Definition - What does Intrinsic Value mean?

The intrinsic value of a company is obtained by conducting a valuation of a business, rather than by looking at comparables or other technical analysis. The valuation method used to determine the intrinsic value of the company can be different depending on the type of company being analyzed. For example, the capitalization of earnings or cash flow would be used for a company that operates in a stable environment with recurring free cash flow. However, for a company that has future free cash flows that may move up or down due to significant capital investment (or another reason), the discounted cash flow method may be a better tool to determine its intrinsic value.

Divestopedia explains Intrinsic Value

The key consideration to understand is that the intrinsic value of a business can be (and usually is) very different than its price. The calculation of intrinsic value follows some key fundamental tenets which include (1) highest and best price available, (2) open and unrestricted market (3) between informed parties (4) acting at arms' length, (5) properly informed and (6) the valuation being determined in pure cash consideration.

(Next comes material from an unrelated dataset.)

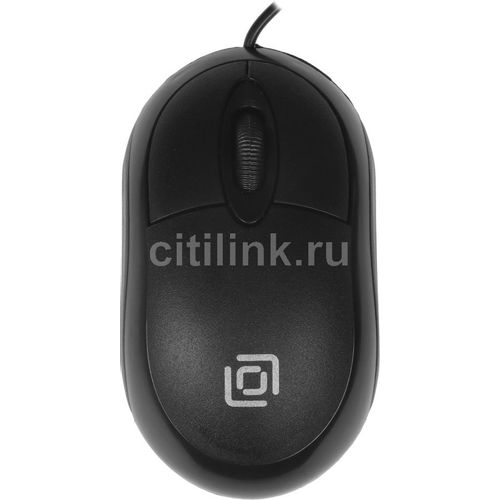 Мышь проводная Oklick 105S, оптическая, USB, 800dpi, черный [400941]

When price is determined, it can be very different than a target's intrinsic value because its tenets are very seldom in place. The parties may have very different motivations, information available or negotiations skills. In most cases, the buyer has specific plans for the acquisition that may encourage payment of a price that is higher than the intrinsic value because the buyer believes the synergies achieved will improve the performance of the combined entity. As well, the buyer or the seller may be working through the transaction with some emotional element attached to the process. For example, a seller who has built a 20-year-old business with his/her name attached to it may believe that its price is much higher than its intrinsic value as determined by a proper valuation.